Burning Down Burn Out
- Erin Noelle
- Nov 21, 2023
- 3 min read
I am a single mom. Sounds glamorous, I know, but it is not all champagne and caviar. Seriously, it can be exhausting and at times it is overwhelming to be the only “adult” and be solely responsible for everyone and everything. It is also pretty damn empowering. I am woman! I can do this!! But “I got this” can very easily turn into a war cry of “I don’t need any help” which slides effortlessly and unconsciously into manic trying and struggling to get it all done, be everywhere and do everything on my own. The belief being that if I let even one ball drop, the entire house of cards comes crashing down. This has led me down the path to burn out. Usually, the first ball to drop is self-care. All my practices start falling away one by one and my light starts to go out, my energy fades and I am left depleted, frustrated and bone weary. I am pissed off at myself but too tired to care.
I realize that my ass busting tendencies may have received accolades from previous generations but are not the example I am trying to set. I want to be empowered, but I also want to be intuitive. I want to be guided by my heart, not by my to-do list. Be inspired and inspiring. Be productive but not from a place of struggle but in a way that creates freedom, not restricts it. I do not want to be governed by my Mom Calendar, but to lead my family from a heart centered and grounded place. Sometimes I need a reminder to come back to earth, sift through priorities and find a path forward for me and all my young men that fills all of us with joy and purpose instead of being sucked up into the whirlwind of kid sports, music lessons and appointments. Does this mean drop everything and run? Of course not. Just learn to listen. Learn to lead, not react. A captain does not steer the ship day and night, swab the deck, make all the meals, and hoist the sales by herself. She has a crew to do that. She sets the pace, she navigates, determines the destination. So, I remember to delegate. Car pool becomes my new best friend. I find my daily practices and dust them off. One by one I fold them back into my life. I say no. I set boundaries and I relax. I exhale that breath that has been squeezing my chest for weeks and I let go. I remember that I am the leader of my small crew, and they are watching me, learning from my example.
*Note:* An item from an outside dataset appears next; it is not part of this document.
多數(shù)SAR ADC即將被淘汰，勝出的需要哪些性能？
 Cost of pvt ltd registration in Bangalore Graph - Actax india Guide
Leaders teach and delegate. I teach my crew to cook, to clean, to take on responsibilities. Take things off my plate so I have more time for them, for me and for fun. Teach them so they have life skills, so they are good partners and roommates. Kids that can do things on their own are confident and empowered. Leaders set a good example.
So, I will put down all the stress I have been carrying and find ease and joy. I set the intention and focus on freedom. I allow myself the space to rest. To breathe. I take one hand off the wheel and slowly find myself again. Basketball practices still happen, someone still needs to go to the dentist, homework happens every day, but I choose to not be a slave to it. I change my tune. I am grateful for the opportunities afforded to my kids. I am thankful for health care and benefits that help my family heal in all ways. I am grateful for a job that allows me to pay for all of it. I am grateful for Skip the Dishes and frozen pizza. I am grateful for kids that are good humans. I am grateful to know myself and what I need. I am grateful for the experiences that have made me who I am and taught me how to be a leader.
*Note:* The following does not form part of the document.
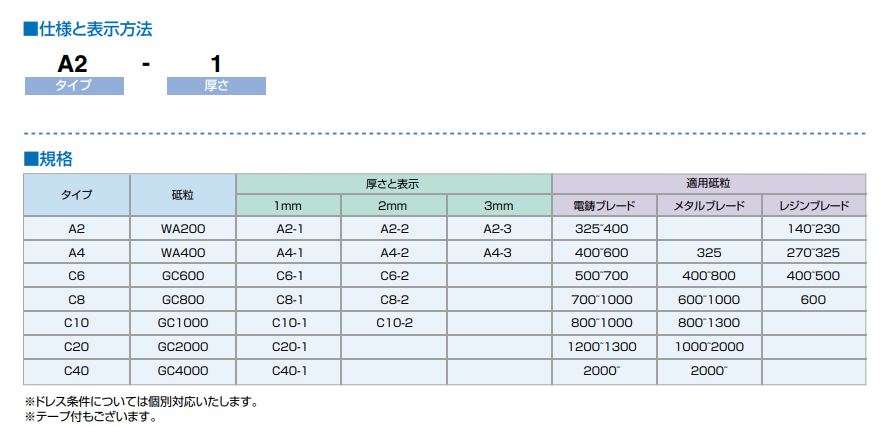 A2切割修整板ACCRETECH东京精密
I will practice letting others help me. I will practice awareness. I will learn the warning signs of overwhelm. The reaching for a sugary treat. The constriction in my chest. The clenching of my jaw. The feeling of anxiety when I look at my calendar.
Slow down. Relax. Breathe. Let go.
Everything will get done that needs to get done and the rest never really mattered anyway.
Rest today so you can burn through your to do list tomorrow.
Have a nap and a snack and go get ‘em tomorrow.